> **Work instructions**
Verbatim copy, images omitted: return the full listing.

===== Data section

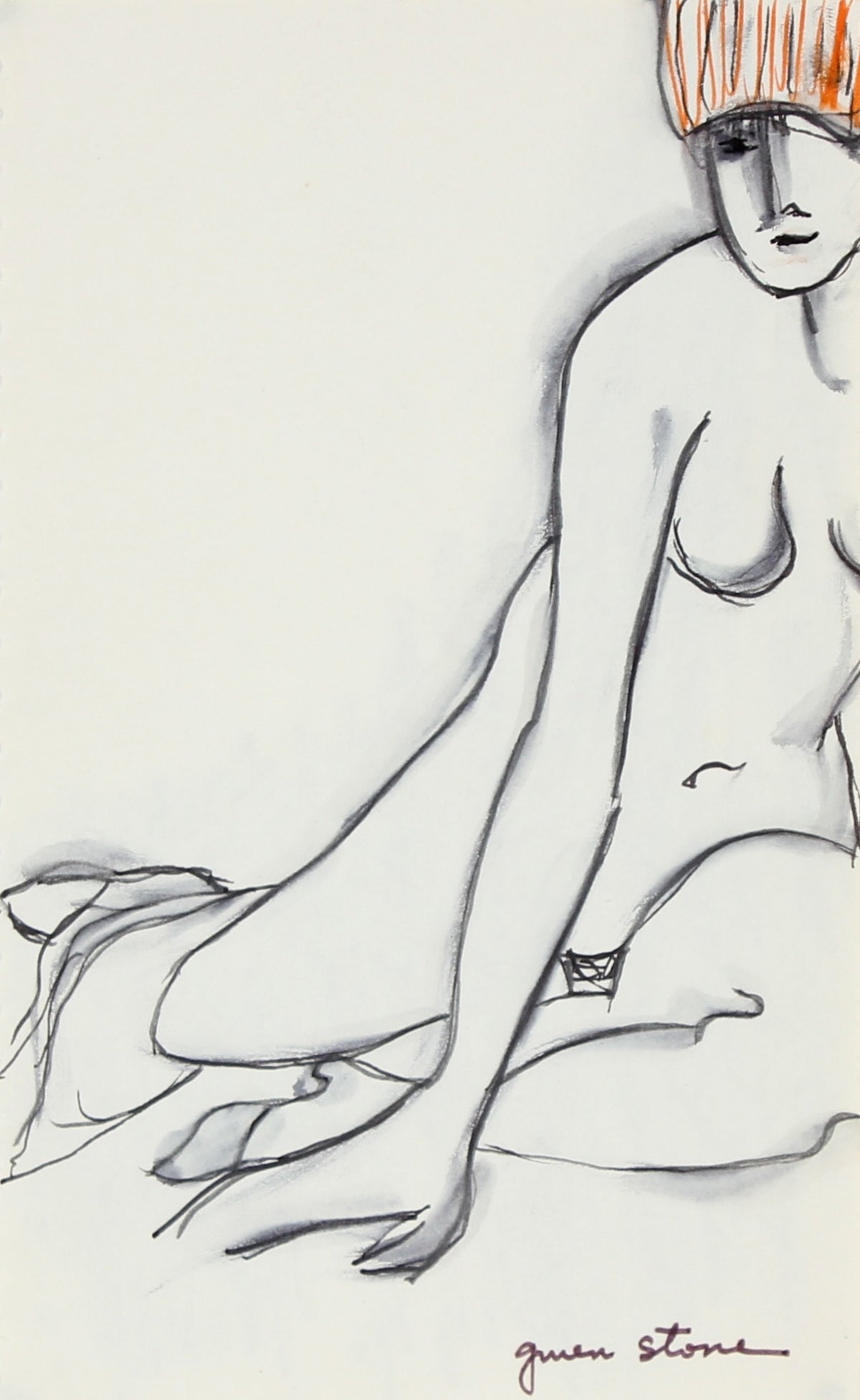 Reclining Nude&lt;br&gt;Late 20th Century Ink&lt;br&gt;&lt;br&gt;#84632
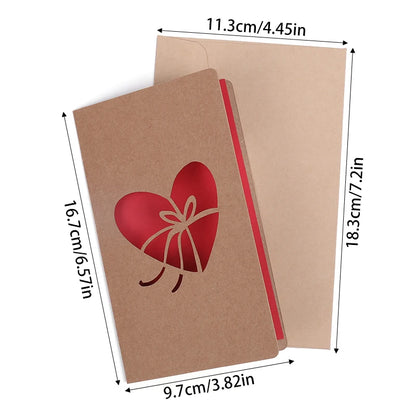 Valentines Day Mothers Day Greeting Card with Envelope Hollow Heart Flowers Gift Card Birthday Party Supplies Wedding Invitation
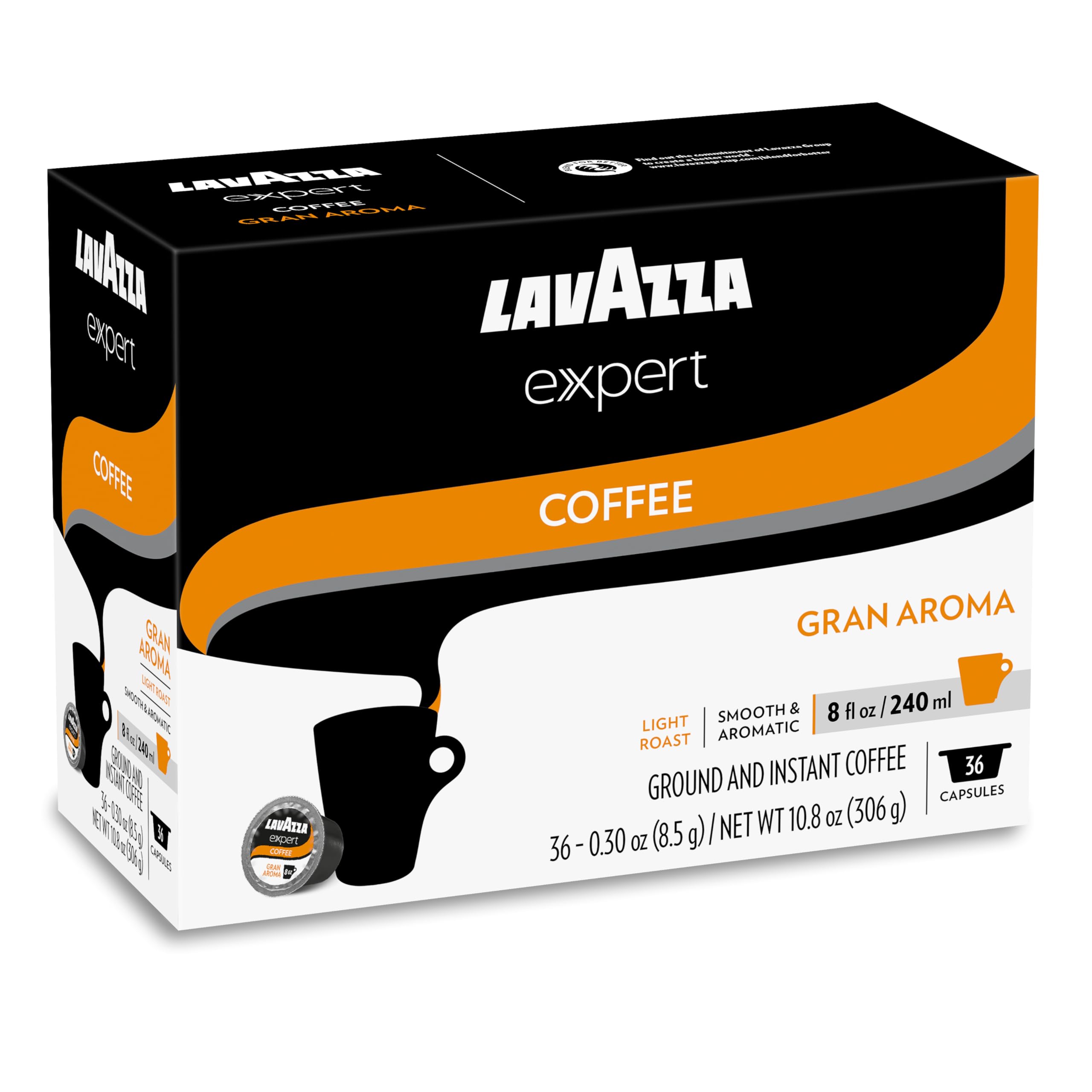 Lavazza Expert cápsula junto a regla para comparar tamaño y porción individual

==========

> **Response area**
 Reclining Nude&lt;br&gt;Late 20th Century Ink&lt;br&gt;&lt;br&gt;#84632
 Valentines Day Mothers Day Greeting Card with Envelope Hollow Heart Flowers Gift Card Birthday Party Supplies Wedding Invitation
 Lavazza Expert cápsula junto a regla para comparar tamaño y porción individual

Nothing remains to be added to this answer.